中盤を引き締めたクロースの献身的姿勢
これまで、ラファエル・ベニテス監督に率いられたマドリーの問題点はチーム全体の共通意識が確立されていなかったことである。サイド攻撃なのか中央突破なのか、守るのか攻めるのか、誰が守って誰がゲームを作るのか…。11人がチームとして戦うために最も必要なことが欠けていた。
新生レアル・マドリーは、その点において大きく改善されていたといえるだろう。
まず最大の問題点だった中盤の守備。これまでは主にアンカーで起用されていたトニ・クロースがそれほど守備に意識を向けていなかったため、インサイドハーフのモドリッチが守備へのカバーに走らざるを得ない状況となっていた。この2人を横並びに起用した際にも、決め事がないといえるほどに守備の秩序は乱れていた。

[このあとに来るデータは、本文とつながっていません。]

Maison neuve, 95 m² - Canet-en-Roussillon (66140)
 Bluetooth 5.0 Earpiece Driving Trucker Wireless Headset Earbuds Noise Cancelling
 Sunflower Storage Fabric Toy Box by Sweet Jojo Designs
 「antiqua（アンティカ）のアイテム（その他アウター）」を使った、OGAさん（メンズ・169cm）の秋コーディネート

しかし、この日アンカーで先発したクロースは明らかに守備への意識を高めていた。繰り出したタックル数8回は両チームトップの数字であるとともに今季の自身最多。これまでは2回や3回、少ない時は0回ということもあったほどであり、これは大きな変化となっている。
さらに、インターセプトとクリアを合わせたディフェンシブ・アクションは4回。これも今季の自身最多であり、これまでは1試合平均2回だった。
このクロースの献身的な姿勢によって、マドリーの中盤は格段に引き締まり、チーム全体の強度が上がっていた。まだまだチーム発足から日が浅いため、DFラインを高く保てなかったが、それでも中盤がまとまっていたことによってチームが分裂せずに1つの方向を向くことができていた。